There might have been no greater testament to Michael Corleone’s power than Ozzie Altobello’s elevation to Don of what was still known as the Tattaglia Family. Once the Corleones’ bitter rivals, the Tattaglias were now headed by Connie Corleone’s literal godfather, a loyal friend of Vito Corleone’s since Prohibition. The Tattaglias—less diverse than most Families—specialized in prostitution, strip clubs, and pornography. This empire was built by Philip Tattaglia, who enjoyed its fruits with epic gluttony. After he was killed in 1955, his brother Rico came out of retirement to succeed him. The organization started falling apart. It was undercapitalized and increasingly vulnerable to police raids and the crusades of the self-righteous. When Rico died last year of natural causes, most expected the new Don to be one of the Family’s glorified pimps or, failing that, one of its young warriors. Instead, the courtly Altobello, a born
consigliere,
found himself thrust into the role of Don. Most saw him as a human olive branch extended toward the Corleones.

Leo “the Milkman” Cuneo was a small old man who somehow had the presence of a large one, the way a skilled but tiny actor might. He wore a plain, sensible suit. He’d been given the honor of arriving last not in deference to his power but as a gesture of respect, now that, with Forlenza’s disappearance, Cuneo had become the senior member of the Commission.

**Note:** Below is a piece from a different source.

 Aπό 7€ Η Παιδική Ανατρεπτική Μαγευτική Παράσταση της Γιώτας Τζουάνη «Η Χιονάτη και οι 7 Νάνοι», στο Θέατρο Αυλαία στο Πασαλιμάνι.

Michael Corleone, briefly, took Cuneo’s hat and coat himself, until a horrified waiter swooped in and relieved Michael of that imagined indignity. “On the contrary, it was my honor,” Michael said in Italian, “to touch the hem of Don Cuneo’s garment.”

Michael forced a smile so that Cuneo would not think he was being sarcastic.

Cuneo mumbled a few bars of a Sicilian song Michael didn’t know and didn’t understand. “Am I right?” he said in English, patting Michael on the cheek.

“As rain,” Michael said, showing Cuneo toward the banquet room.